Non accadeva dai tempi dell’unità d’Italia: per la prima volta dal 1861, infatti, le persone che hanno compiuto sessant’anni sono più numerose di quelle che hanno meno di trenta.
“Ecco perché la politica (e la Legge di bilancio) si occupa più dei primi che dei secondi”: lo dice l’Istituto di studi e ricerca Carlo Cattaneo analizzando dati Istat. All’interno della fascia “giovani” è interessante, e doloroso, notare come il blocco generazionale che va da zero a quattordici anni – fino al 1971 il più numeroso dei sei presi i n considerazione – oggi è il penultimo con il 13,3 per cento del totale.
Insidiato da vicino dagli ultrasettantacinquenni. Di più, dal 1991 ad oggi, parliamo quindi degli ultimi ventisette anni, i “giovani” sono diminuiti di 11,2 punti mentre gli “anziani” sono cresciuti del 7,6 per cento. L’età media, invece, è passata da 40 a 45,2 anni.

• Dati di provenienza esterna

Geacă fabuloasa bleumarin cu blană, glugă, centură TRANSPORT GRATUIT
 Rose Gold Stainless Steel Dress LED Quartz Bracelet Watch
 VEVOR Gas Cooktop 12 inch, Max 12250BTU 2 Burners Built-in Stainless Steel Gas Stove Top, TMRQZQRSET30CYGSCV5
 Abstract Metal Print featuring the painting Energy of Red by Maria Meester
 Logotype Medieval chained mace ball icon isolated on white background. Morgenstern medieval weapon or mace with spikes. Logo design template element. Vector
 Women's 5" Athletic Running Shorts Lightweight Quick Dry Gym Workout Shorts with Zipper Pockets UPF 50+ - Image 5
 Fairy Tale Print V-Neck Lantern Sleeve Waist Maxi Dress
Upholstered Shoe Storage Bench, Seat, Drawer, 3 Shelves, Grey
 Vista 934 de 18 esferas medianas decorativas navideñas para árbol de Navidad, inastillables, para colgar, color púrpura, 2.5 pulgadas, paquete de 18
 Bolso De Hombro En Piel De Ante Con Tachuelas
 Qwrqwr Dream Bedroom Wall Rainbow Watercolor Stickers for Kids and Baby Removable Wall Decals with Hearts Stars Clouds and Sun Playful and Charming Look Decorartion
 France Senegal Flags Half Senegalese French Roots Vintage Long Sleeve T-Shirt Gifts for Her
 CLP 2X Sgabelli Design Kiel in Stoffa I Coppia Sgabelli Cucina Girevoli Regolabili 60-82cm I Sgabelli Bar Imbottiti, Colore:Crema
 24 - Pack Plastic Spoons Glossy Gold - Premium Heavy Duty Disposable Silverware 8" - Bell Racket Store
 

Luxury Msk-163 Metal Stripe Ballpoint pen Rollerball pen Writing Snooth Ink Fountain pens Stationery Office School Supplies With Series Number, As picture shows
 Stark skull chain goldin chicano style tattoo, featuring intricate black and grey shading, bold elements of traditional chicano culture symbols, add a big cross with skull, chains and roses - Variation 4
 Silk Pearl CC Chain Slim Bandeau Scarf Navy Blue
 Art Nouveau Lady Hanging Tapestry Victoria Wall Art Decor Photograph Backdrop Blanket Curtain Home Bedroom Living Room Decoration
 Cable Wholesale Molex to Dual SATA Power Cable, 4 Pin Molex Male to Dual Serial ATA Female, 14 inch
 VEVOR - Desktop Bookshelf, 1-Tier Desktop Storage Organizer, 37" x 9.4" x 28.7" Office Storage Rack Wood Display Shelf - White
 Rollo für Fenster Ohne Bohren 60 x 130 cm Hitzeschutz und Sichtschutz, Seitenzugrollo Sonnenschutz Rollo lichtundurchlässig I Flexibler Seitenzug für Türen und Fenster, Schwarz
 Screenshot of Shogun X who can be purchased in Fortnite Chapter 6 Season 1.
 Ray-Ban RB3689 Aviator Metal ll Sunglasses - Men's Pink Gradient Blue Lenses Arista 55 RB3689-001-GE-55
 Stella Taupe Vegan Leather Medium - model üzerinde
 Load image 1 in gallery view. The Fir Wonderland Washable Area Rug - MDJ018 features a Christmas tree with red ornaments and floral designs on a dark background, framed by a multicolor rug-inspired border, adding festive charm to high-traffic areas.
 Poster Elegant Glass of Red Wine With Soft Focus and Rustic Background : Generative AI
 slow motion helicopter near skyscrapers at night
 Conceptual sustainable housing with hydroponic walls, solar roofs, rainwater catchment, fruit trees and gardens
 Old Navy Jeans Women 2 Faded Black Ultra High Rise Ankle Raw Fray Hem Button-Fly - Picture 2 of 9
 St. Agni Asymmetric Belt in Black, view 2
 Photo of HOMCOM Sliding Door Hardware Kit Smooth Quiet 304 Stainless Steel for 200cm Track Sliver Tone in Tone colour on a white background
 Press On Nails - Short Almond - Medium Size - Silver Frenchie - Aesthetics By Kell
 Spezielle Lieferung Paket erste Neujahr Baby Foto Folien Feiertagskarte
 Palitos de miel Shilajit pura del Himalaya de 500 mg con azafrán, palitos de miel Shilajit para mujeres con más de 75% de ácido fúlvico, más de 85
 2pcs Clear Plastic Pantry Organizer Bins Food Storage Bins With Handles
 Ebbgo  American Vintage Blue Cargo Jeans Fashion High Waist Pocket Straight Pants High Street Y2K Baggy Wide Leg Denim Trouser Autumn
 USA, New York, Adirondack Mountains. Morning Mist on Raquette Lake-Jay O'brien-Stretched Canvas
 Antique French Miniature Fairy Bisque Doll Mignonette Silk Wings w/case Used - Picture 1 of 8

“Nel 2065 popolazione calerà di 6,5 milioni. Per le donne vita media sopra i 90 anni”: questa invece la proiezione sul futuro demografico del Paese dopo il report delle nascite (reso noto a maggio di quest’anno) riferito al 2017, con un record negativo pari a -183 mila tra nuovi nati e morti. Tra 47 anni i residenti si saranno ridotti di sei milioni e mezzo di unità. Come se le province di Milano, Torino e Bologna sparissero definitivamente.